I run a large regional forum (10-15k active users per day) and our business model (such as it is) does not rely upon having as many randoms as possible getting user accounts.
We are quite selective when it comes to approving new memberships. We look at numerous subtle signals to decide whether to allow an account to be approved instantly, approved with limits, delayed or rejected. Email, ASN, browser behaviour, user's actions prior to the registration page, and numerous other things which strongly predict whether someone is an authentic new contributor, or a sock puppet/astro-turfer/troll/spammer/abuser etc.
This saves us an astronomical amount of pointless work for our moderators and makes our environment more conducive to constructive and useful contributions. (In a way it's like Hacker News comments except we're not as pedantic about chatty contributions so long as they're good natured.)
User privacy is a great thing, and most of us smaller developers have nothing against it. However, it needs to be done in a way that doesn't threaten our business continuity.
If your business is dependent on giving away user privacy to Facebook or Google unless you are doing something that integrates with them - it deserves to fail.

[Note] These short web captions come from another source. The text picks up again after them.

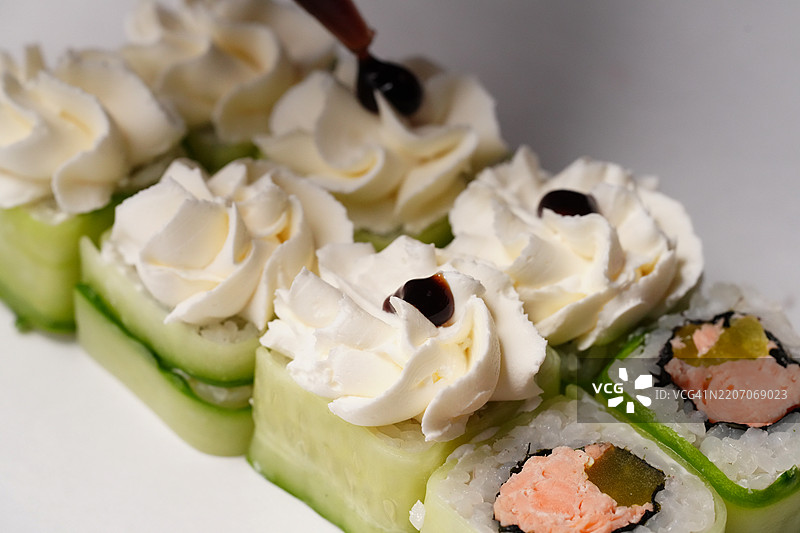 厨师用奶油奶酪和酱油装饰寿司卷图片素材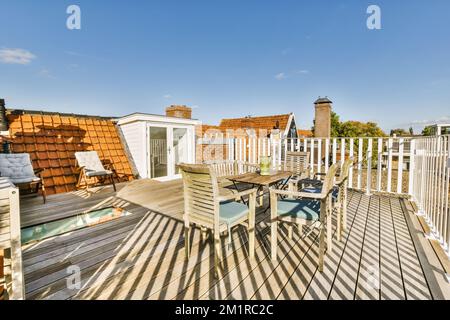 una terrazza con sedie, tavolo e ombrelloni all'ultimo piano di fronte ad un edificio di appartamenti con cielo blu Foto Stock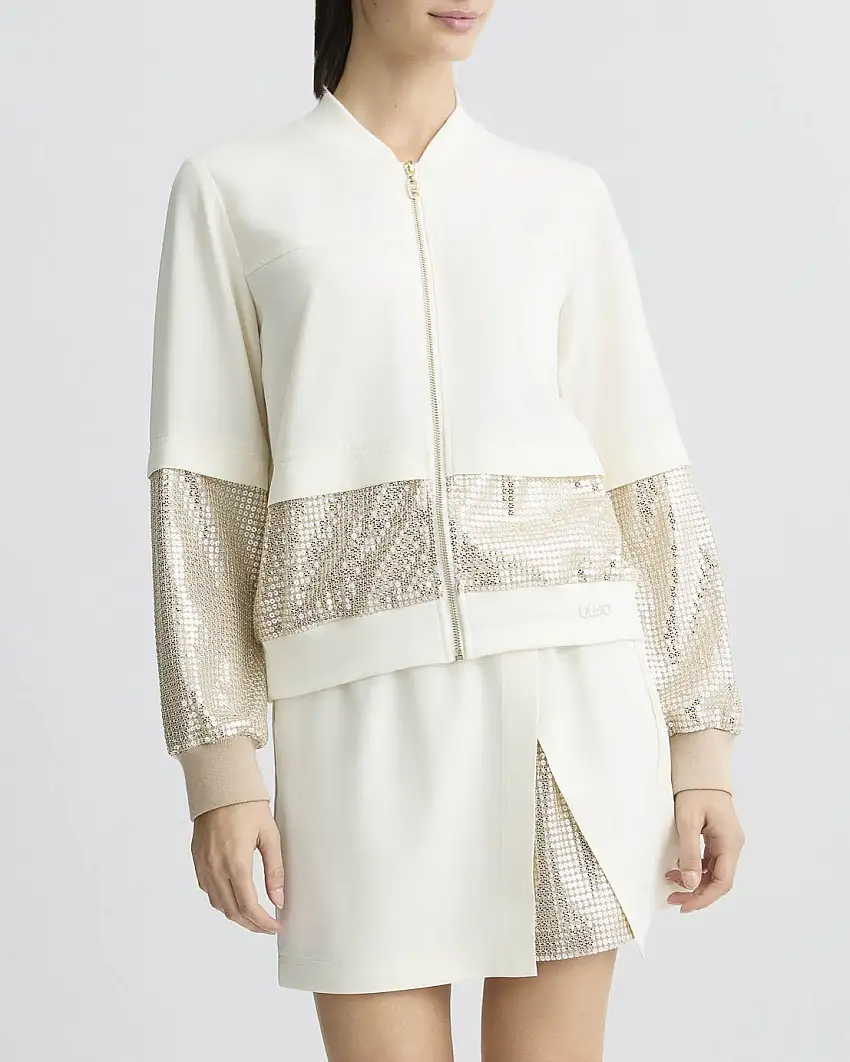 Giacca bomber color avorio in tessuto tecnico con inserti in paillettes dorate su fondo e fondomaniche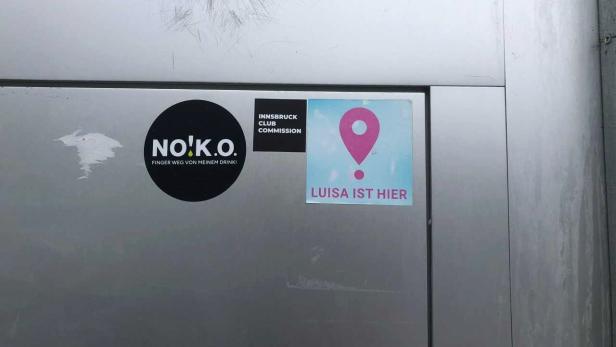 Man sieht die Tür eines Clubs in Tirol, auf der die Sticker der "Luisa-ist-hier"- Kampagne und der Sticker der Innsbruck Club Commission kleben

I don't want to know who someone really is.
I don't care how little information I get through these systems. I don't want it.
What I do want to know is that I can exclude throw-away Google/FB/Apple accounts made five minutes ago specifically to establish a new whitewashed identity on my site.
Right now I don't offer Facebook or Google login at all—specifically because I think the consequences (both privacy and the further entanglement of powerful entities) are not worth it.
For dealing with non-legit users the email address itself isn't so important. We don't ignore it—we happily reject attempts from ~10k throwaway domains and also some whole TLDs—but it's only one in a set of signals. The reason why the click-link-in-email process is so useful is mostly because it's a way for me to inject confusing and uncertain failures to the process to make it incrementally harder to game/predict our registration system. And it lets us inject plausible yet artificial slowness so that a persistent arsehole is never able to move faster than our people.
(Far more important are the subtle signals, particularly how the user behaves prior to registration. For example if a totally clean browser goes straight to the registration page it's likely to be an arsehole in a private browsing window. Legit users almost invariably browse content immediately prior to registering.)
You can still verify their email address for password resets. You send the link with the email address to the alias and Apple forwards it to the user.
But the whole purpose of using SSO is that you are not responsible for passwords - the IDP is. You should just be able to store the user id.
Besides, why use any third party identity provider if you are still managing passwords? You said that you needed an email address to send a password reset link.
Correct but irrelevant. For aiding the registration of legit users, verifying an email address is beneficial as a way for them to ensure they are able to recover their password.
Why do you need to help them recover their password if you’re using a third party?